Au Chenal du Moine l’eau couvre les terres à perte de vue. La glace a renversé une maison et une grange, mais on ne signale aucun autre dommage.

Les pauvres habitants sont forcés d’abandonner, leurs habitations ou de s’y échafauder pour pouvoir y demeurer.

Des canots sont aux portes des habitations et on s’y jette avec précipitation, lorsque la glace devient menaçante.

Hier des masses de neige et de glace étaient amoncelées à divers endroits sur le fleuve. Vers midi la glace a commencé à marcher, et il est probable que d’ici à dimanche le fleuve sera libre. Trois « chalands » sont sortis hier matin de la rivière Richelieu espérant gagner à temps le « chenal du Moine » et éviter les glaces ; — l’un a pu s’échapper et atteindre la Rivière Yamaska, mais les deux autres ont été emportés par un vent contraire au milieu des glaces ; l’un appartenait à un nommé Boucher, de Sorel et paraissait avoir beaucoup souffert, l’autre, qui appartient, dit-on, à un nommé Lacouture, n’avait pas éprouvé de dommages. Le vent, hier, poussait la glace vers la rive nord du fleuve ; on en voyait, au loin, des montagnes. Nous craignons beaucoup d’avoir à enregistrer de grandes pertes souffertes par les habitants des Îles.

15 avril, 1865. 
terrible désastre résultant de l’inondation.

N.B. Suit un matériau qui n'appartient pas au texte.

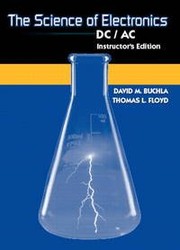 Front cover of The science of electronics by David M. Buchla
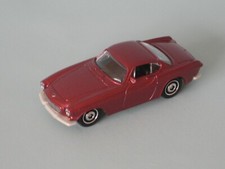 Matchbox Volvo P1800S Maroon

Ce que nous avons à raconter aujourd’hui, dépasse, malheureusement, les prévisions que nous exprimions l’autre jour. Depuis samedi, au grand désespoir de tous, l’eau montait, montait toujours. Les plus anciens citoyens de Sorel répétaient à qui mieux mieux, que jamais l’eau ne s’était élevée à la hauteur, qu’elle a atteint ce printemps…

Dès midi on apprenait que les habitants de Berthier, des Îles de Sorel et du Chenal du Moine étaient littéralement submergés ; — à Berthier, on manquait même de pain, les boulangeries subissant le sort des autres habitations.